Athalie Anita Irvine, known as Joan Irvine Smith (1 July 1933 – 19 December 2019), was an American philanthropist, arts patron, horse trainer, and heiress to the Irvine family fortune from their California ranch.

== Early life and education ==
Born as Athalie Anita Irvine, she was the only child of James Harvey Irvine, Jr. and Athalie Richardson. She chose the name "Joan" at 4 years old. Her father died when she was 2 years old, and her grandfather, James Irvine II, died in 1947 and she inherited a minority share of the Irvine Company. She lived in Beverly Hills with her mother and her second husband after she remarried in 1938. Her mother married again in 1944 to Judge Thurmond Clarke.

She studied at Westridge School, a private girls school in Pasadena, later dropping out from Marymount College and also attended UC Berkeley for one year.

== Personal life ==
In 1952 she married Charles Swinden in Rancho San Joaquin, with the ceremony being officiated by her stepfather, Judge Thurmond Clarke.
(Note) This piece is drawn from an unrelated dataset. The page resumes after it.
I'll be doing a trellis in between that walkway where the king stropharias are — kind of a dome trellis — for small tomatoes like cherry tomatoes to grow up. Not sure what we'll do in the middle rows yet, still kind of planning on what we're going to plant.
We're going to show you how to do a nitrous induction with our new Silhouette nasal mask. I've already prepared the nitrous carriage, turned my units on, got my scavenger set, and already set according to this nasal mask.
They had a son together, James Irvine Swinden, born in 1953. After their divorce she married three more times.

She married Russell Sylvanus Penniman III, and had another son named Russell S. Penniman IV.
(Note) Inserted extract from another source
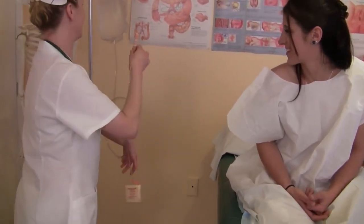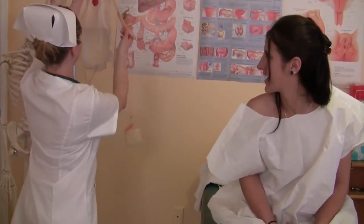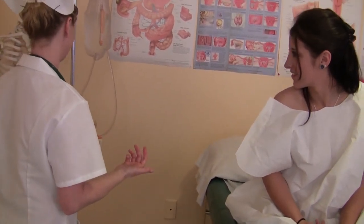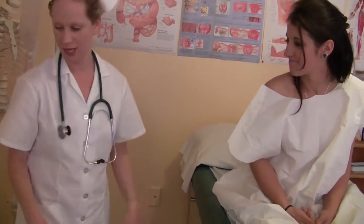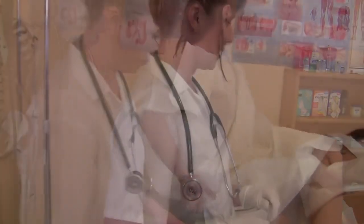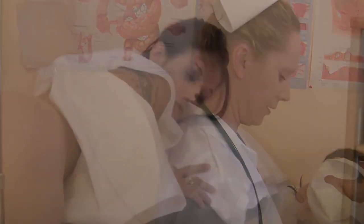That looks like a lot of water this time. It's not really though — it's going to drip a little bit. Alright, go ahead and lay down on your left side again. Let me know if you need me to stop or if you have any pain.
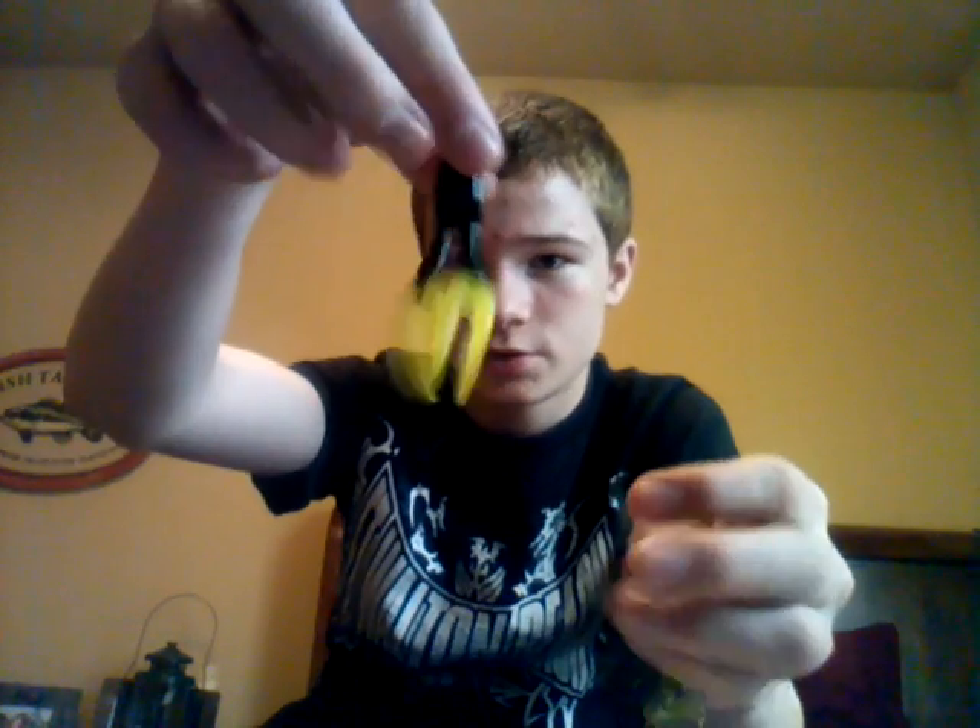This black with chartreuse looks like it would work really good as a night bait. And it came with this chartreuse black trailer.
With Morton Whister (Cappy) Smith, she had a son named Morton Irvine Smith.

Joan Irvine Smith died on 19 December 2019.

== Irvine Company ==
Irvine Smith had a complicated relationship with the Irvine Company and the Irvine Foundation, becoming the major shareholder but suing for more shares for herself and three cousins.
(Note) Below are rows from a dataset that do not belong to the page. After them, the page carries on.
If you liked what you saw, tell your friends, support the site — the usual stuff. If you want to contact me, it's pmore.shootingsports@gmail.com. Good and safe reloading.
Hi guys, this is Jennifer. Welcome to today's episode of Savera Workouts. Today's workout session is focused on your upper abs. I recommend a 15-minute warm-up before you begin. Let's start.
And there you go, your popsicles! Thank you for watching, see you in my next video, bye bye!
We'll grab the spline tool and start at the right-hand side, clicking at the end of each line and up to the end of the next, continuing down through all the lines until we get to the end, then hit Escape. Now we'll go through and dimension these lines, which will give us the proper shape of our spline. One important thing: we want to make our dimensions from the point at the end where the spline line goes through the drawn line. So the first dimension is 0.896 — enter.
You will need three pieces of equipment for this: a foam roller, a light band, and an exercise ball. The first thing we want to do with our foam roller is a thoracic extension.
In July 1962 she also sued the Irvine Company for $1,200,000 for alleged losses in a real estate transaction where a 146-acre parcel in Orange County was exchanged for agricultural land in Imperial County. She held a press conference to announce the filing of this suit at the Mark Hopkins Hotel in San Francisco.

She pushed for using Irvine Co. lands for urban development.

== University of California, Irvine ==
Joan Irvine Smith played an important role in the creation of the University of California, Irvine (UCI), both in site selection and the donation of 1,000 acres of land from Irvine Co. According to UCI's Chancellor Howard Gillman "without Joan Irvine Smith there likely would not be a University of California, Irvine". Along with the President of the University of California, Dr Clark Kerr, she talked about the progress and the project in industrial conferences, talking about the effort as "directed imagination".

She also helped establish the Reeve-Irvine Research Center at UC Irvine, a spinal cord injury research center named for actor Christopher Reeve, who was paralyzed after a riding accident.

== Philanthropy ==
Joan Irvine Smith contributed to different institutions and causes, such as donating to the building fund of her former school, Westridge, with the new building named the "Joan Irvine Library-Study Hall". Together with her mother she founded the "Joan Irvine Smith and Athalie R. Clarke Foundation" which, for example, gifted $1 million to UC Irvine's School of Law library. One of the main focus of this foundation was conservation, with the establishment of the National Water Research Institute and its yearly Athalie Richardson Irvine Clarke Prize award for leaders in the water sector.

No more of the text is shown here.